- **Required work**:
Begin at the line below that has "Palvelulupaus". Stop after the line that has "Apec Shock Absorber", repeating each line exactly and leaving out the pictures.

- **Data listing**:
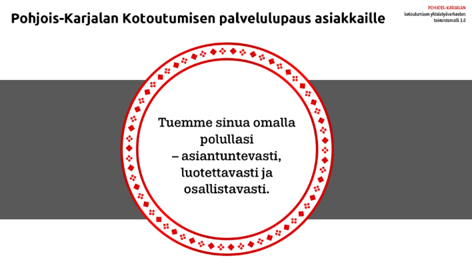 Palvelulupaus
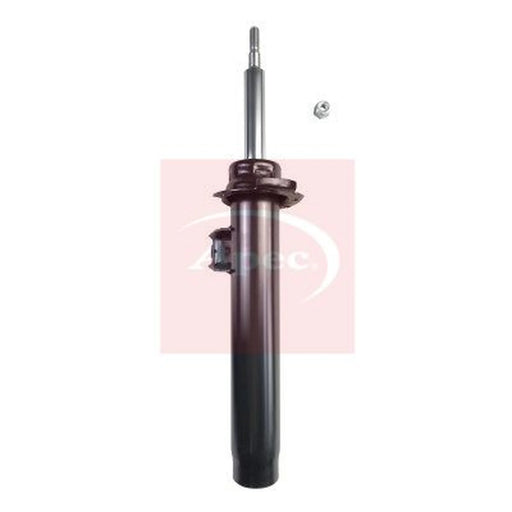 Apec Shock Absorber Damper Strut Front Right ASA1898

==

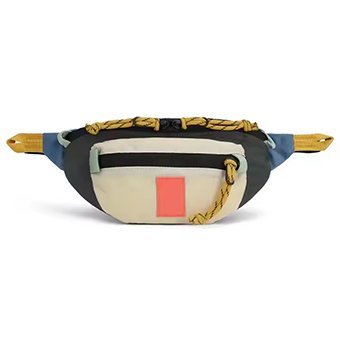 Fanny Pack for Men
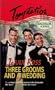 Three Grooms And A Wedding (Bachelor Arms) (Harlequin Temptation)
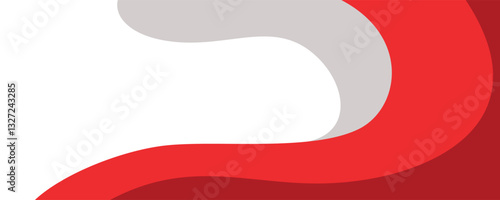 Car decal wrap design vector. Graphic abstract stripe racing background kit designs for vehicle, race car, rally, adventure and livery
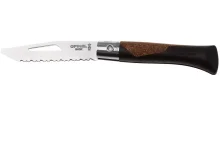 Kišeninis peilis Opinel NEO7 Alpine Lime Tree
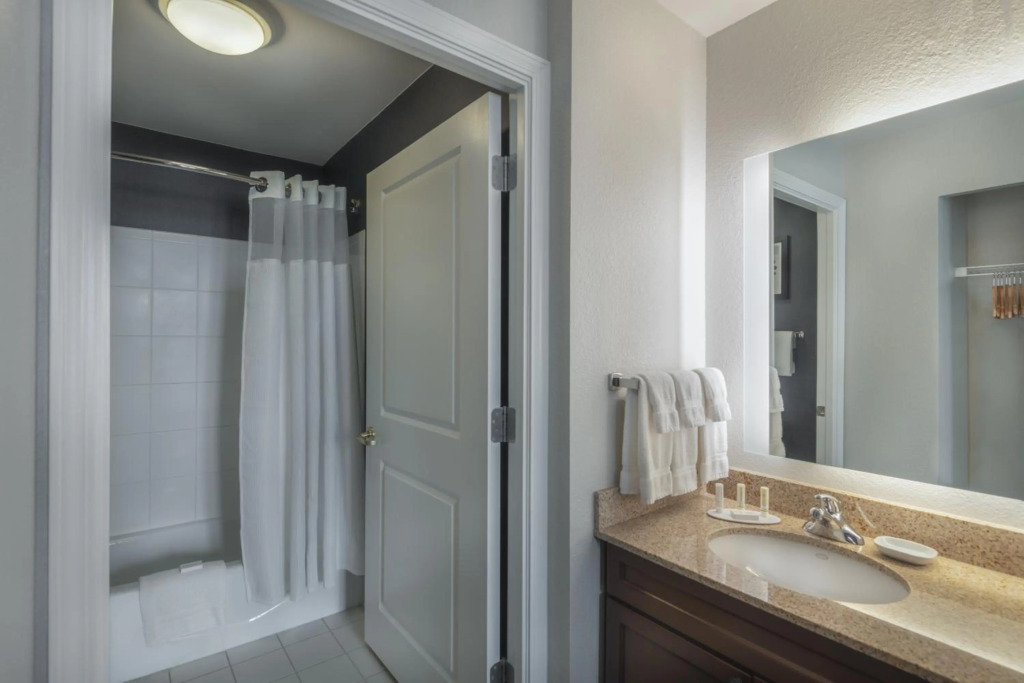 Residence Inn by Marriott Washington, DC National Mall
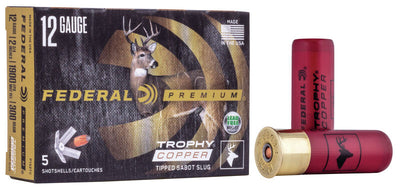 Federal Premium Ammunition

- **Output of the exercise**:
 Palvelulupaus
 Apec Shock Absorber Damper Strut Front Right ASA1898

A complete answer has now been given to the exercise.